Exercise input:
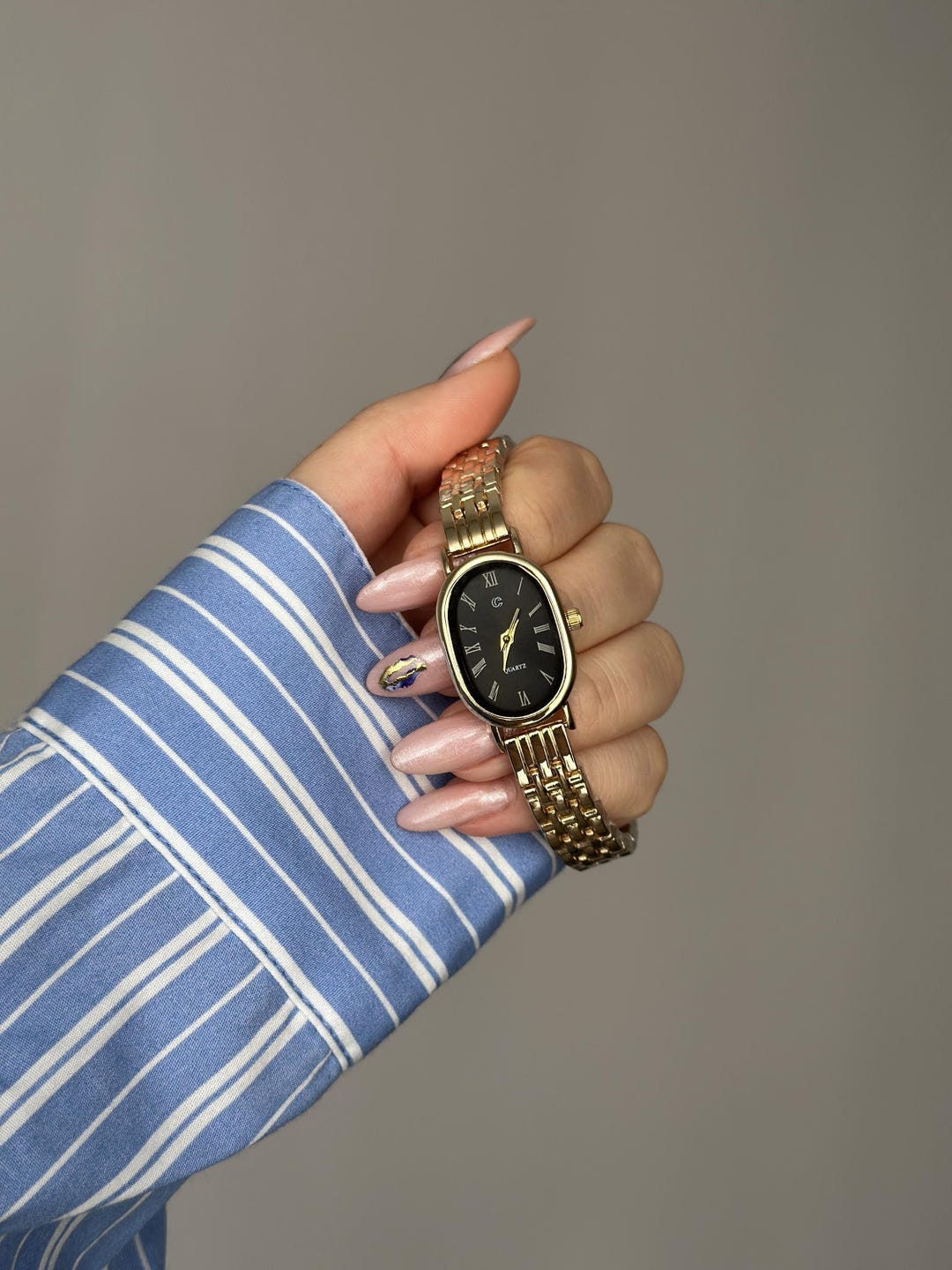 Vintage Gold Oval Roman Numeral Analog Bracelet Wrist Watch Gold Oval Roman Numeral Watch | Vintage Minimalist Bracelet  main image 4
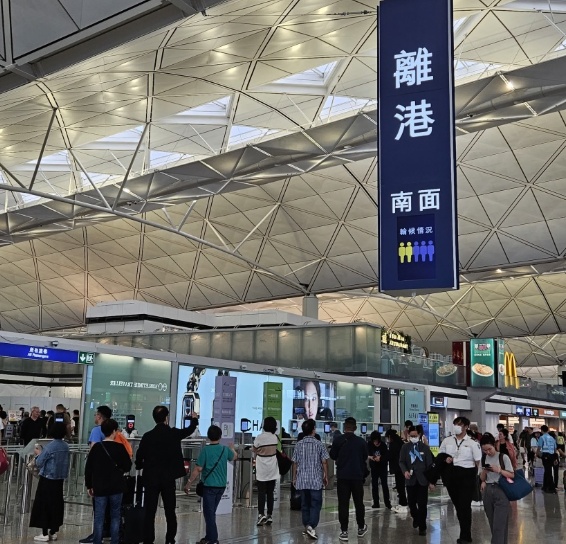 预算案｜罗淑佩：增加飞机乘客离境税不会影响旅客访港意愿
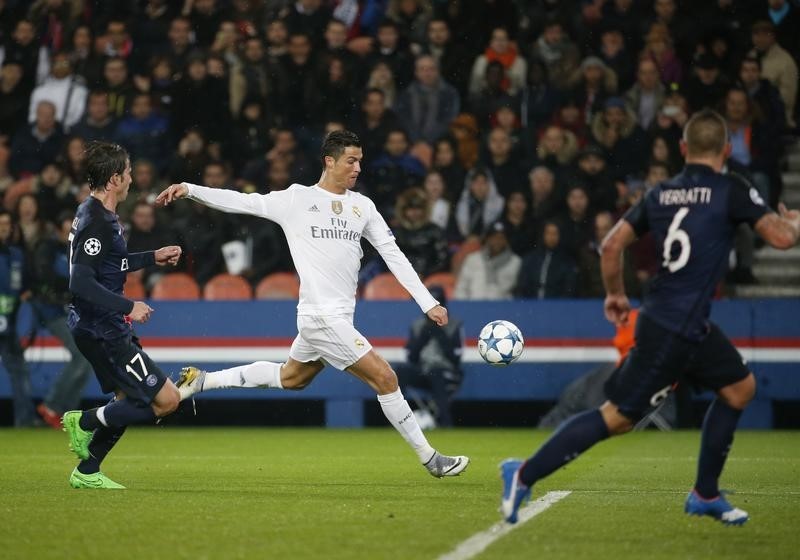© Reuters. ريال مدريد يتعادل بدون أهداف مع باريس سان جيرمان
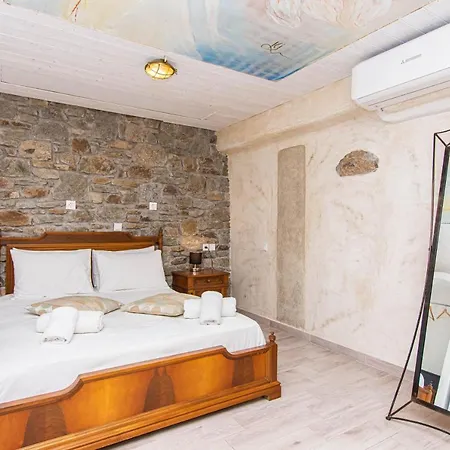 Otel Peristeronas Village 3*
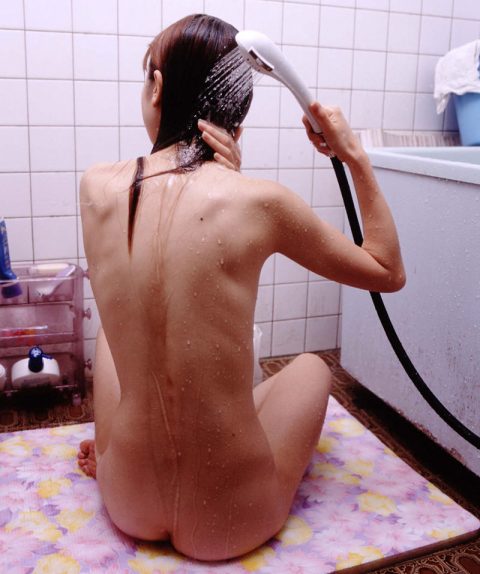 シャワー途中の女さん、後ろから撮影され晒される。（26枚）・2枚目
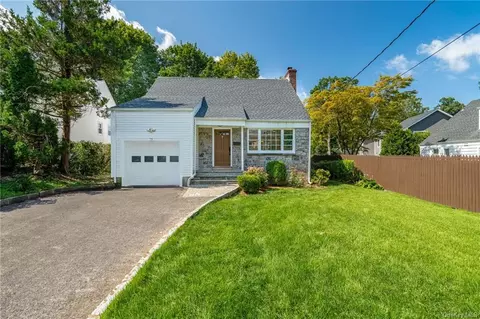 71 Parkway Cir, Scarsdale, NY 10583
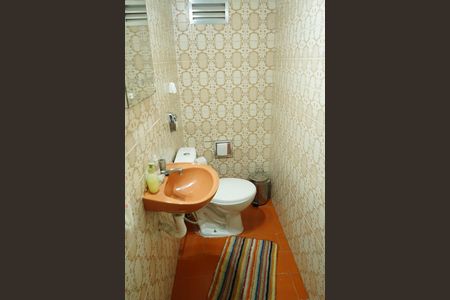 Lavabo de casa à venda com 3 quartos, 165m² em Vila Esperança, São Paulo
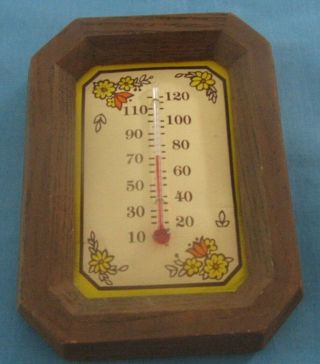 Vintage Indoor/outdoor Thermometer Framed In Wood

What to do: A faithful copy is needed: reproduce all of the data above, leaving the pictures out.

Response:
 Vintage Gold Oval Roman Numeral Analog Bracelet Wrist Watch Gold Oval Roman Numeral Watch | Vintage Minimalist Bracelet  main image 4
 预算案｜罗淑佩：增加飞机乘客离境税不会影响旅客访港意愿
© Reuters. ريال مدريد يتعادل بدون أهداف مع باريس سان جيرمان
 Otel Peristeronas Village 3*
 シャワー途中の女さん、後ろから撮影され晒される。（26枚）・2枚目
 71 Parkway Cir, Scarsdale, NY 10583
 Lavabo de casa à venda com 3 quartos, 165m² em Vila Esperança, São Paulo
 Vintage Indoor/outdoor Thermometer Framed In Wood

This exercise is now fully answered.